The finding, just published in ‘Journal of Geophysical Research: Space Physics’, It is a real revolution in our understanding of how solar activity interacts with the earth’s magnetic field, which has implications for satellite safety, astronauts in orbit and future space missions.
The radiation belts surrounding the Earth, known as ‘Van Allen Belt’ are donut -shaped regions full of loaded particles, mainly electrons and high -energy protons, trapped by the Earth’s magnetic field. These belts, discovered in 1958 by the Explorer 1 mission, are a challenge for space missions, since high -energy particles have the ability to damage satellites and endanger astronauts. Reasons that explain more than over the importance of understanding its dynamics
The inner belt, located between 600 and 6,000 kilometers of altitude, mainly contains high energy protons, while the outer belt, which extends between 13,500 and 60,000 kilometers, is mostly composed of electrons.
But nobody expected what finally happened in May 2024. The massive wave of loaded particles thrown by the sun against the Earth, in effect, not only caused spectacular dawn and disturbances in GPS communications, but generated two new temporary belts of radiation , just between the two Van Allen belts permanent. These new belts, with the form of concentric and located rings on the Earth’s Ecuador, were formed after the storm and have turned out to be much more durable than expected.
Unique characteristics
The truth is that temporary belts are not a completely new phenomenon, but had already been observed before, normally after large solar events. However, those of 2024 have a whole series of unique characteristics. First, the most internal of the two not only contained electrons, such as the temporary belts observed above, but also a significant amount of protons. This mixed composition had not been seen before in temporary belts and is probably related to the intensity and composition of the solar storm. According to researchers, it is as if the storm had ‘injected’ a new mixture of particles in the magnetic field of our planet.
Second, the new belts have proven to be much more persistent than those previously observed, and compared to the three or four weeks that the temporal belts usually last, one of the two new ones, the compound mainly by electrons, remained for more Three months, while the other, which also includes protons, lasted even more and is very likely that even existing today.
We can imagine that radiation belts are like particle rivers. The temporary belts observed so far were like summer streams, which flow quickly and dry out soon. But those of May 2024, on the other hand, are like authentic rivers, caudalous and persistent, which take much more to disappear.
A lucky discovery
The discovery was possible thanks to the Cirbe Satellite (Colorado Inner Radiation Belt Experiment), a small cubesat of the size of a shoe box. Designed and built by the Laboratory of Atmospheric and Space Physics (LASP) of the University of Colorado Boulder, he carried an instrument called Reptile-2 (relativistic electron Proton Telescope Integrated Little Experiment-2), a miniaturized and improved version of an instrument of an instrument that I had already flown aboard NASA’s Van Allen probes, which first discovered a temporary electrons belt in 2013.
Cirbe’s story is particularly interesting. After a year in space, the Cubesat experienced an anomaly and stopped transmitting precisely on April 15, 2024. The scientists regretted to lose the opportunity to record the solar storm that happened in May but, fortunately, on June 15 the satellite He returned to life unexpectedly and resumed the measurement. The data provided by Cirbe were crucial, since they offered information in high resolution that no other instrument could provide, which allowed scientists to understand the true magnitude of the new belts.

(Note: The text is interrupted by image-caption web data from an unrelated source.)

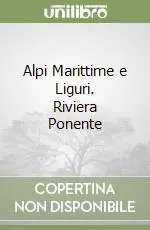 Promozione Alpi Marittime e Liguri. Riviera Ponente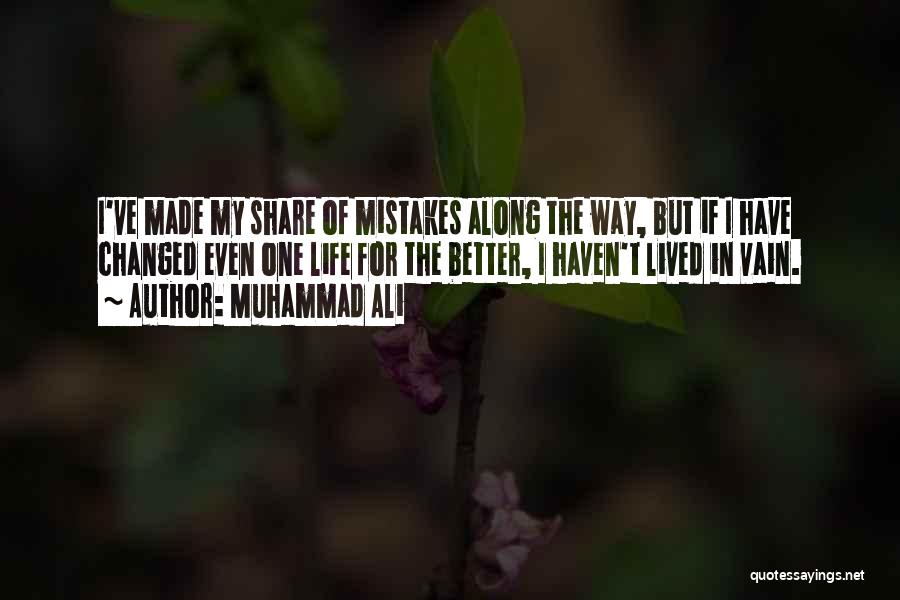 Muhammad Ali Quotes: I've Made My Share Of Mistakes Along The Way, But If I Have Changed Even One Life For The Better,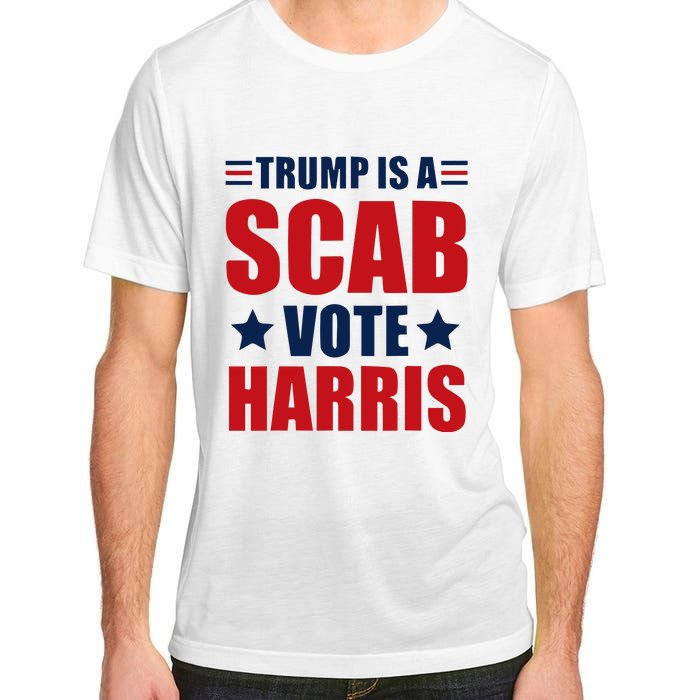 Trump Is A Scab Adult ChromaSoft Performance T-Shirt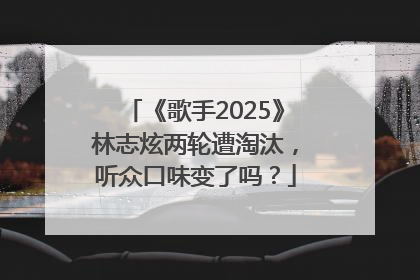 《歌手2025》林志炫两轮遭淘汰，听众口味变了吗？
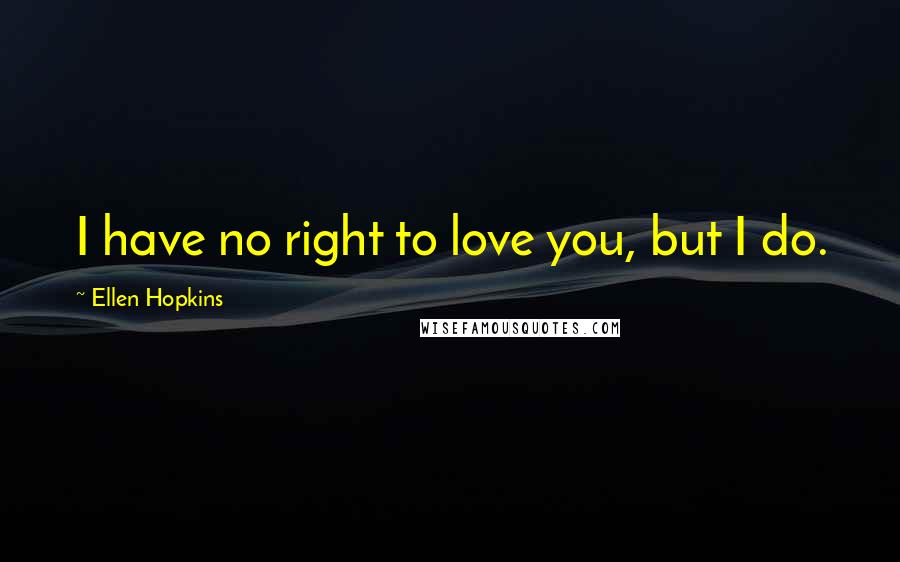 Ellen Hopkins Quotes: I have no right to love you, but I do.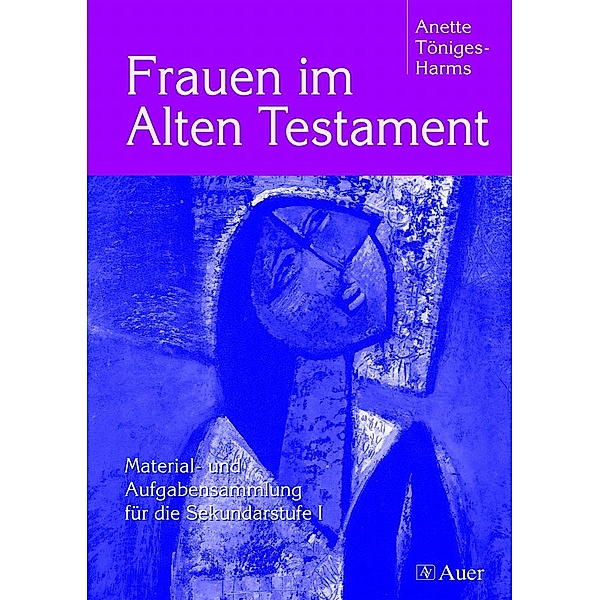 Frauen im Alten Testament, Anette Töniges-Harms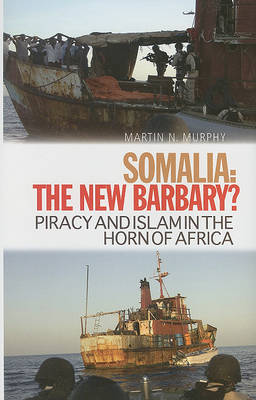 Somalia, the New Barbary?: Piracy and Islam in the Horn of Africa by Martin N. Murphy image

According to the authors of the study, it is as if the satellite had been ‘sleeping’ during the storm and had ‘awakened’ just in time to see its consequences.
The duration of these belts will also depend on the future solar storms. The largest and most energetic, in effect, can ‘sweep’ the particles they are made, sending them both to space and towards earth. In fact, a solar storm at the end of June and another in August 2024 significantly reduced the electron belt size, although a small population of high -energy electrons managed to persist. It is as if the solar storms were ‘waves’ capable of eroding radiation belts.
The discovery, therefore, is of great importance for the protection of the spacecraft that are thrown into geostationary orbits, since these must cross Van Allen’s belts several times before reaching their final orbit. Therefore, understanding the dynamics of these belts, including the formation of temporary belts, is essential to design satellites more resistant to radiation and to plan the flight paths of the manned missions.
Finally, the finding will help us better understand the complex interaction between the sun and the earth, which is essential to predict and mitigate the effects of future solar storms. In an increasingly dependent on space technology, this research is crucial to improve the safety of our satellites and astronauts.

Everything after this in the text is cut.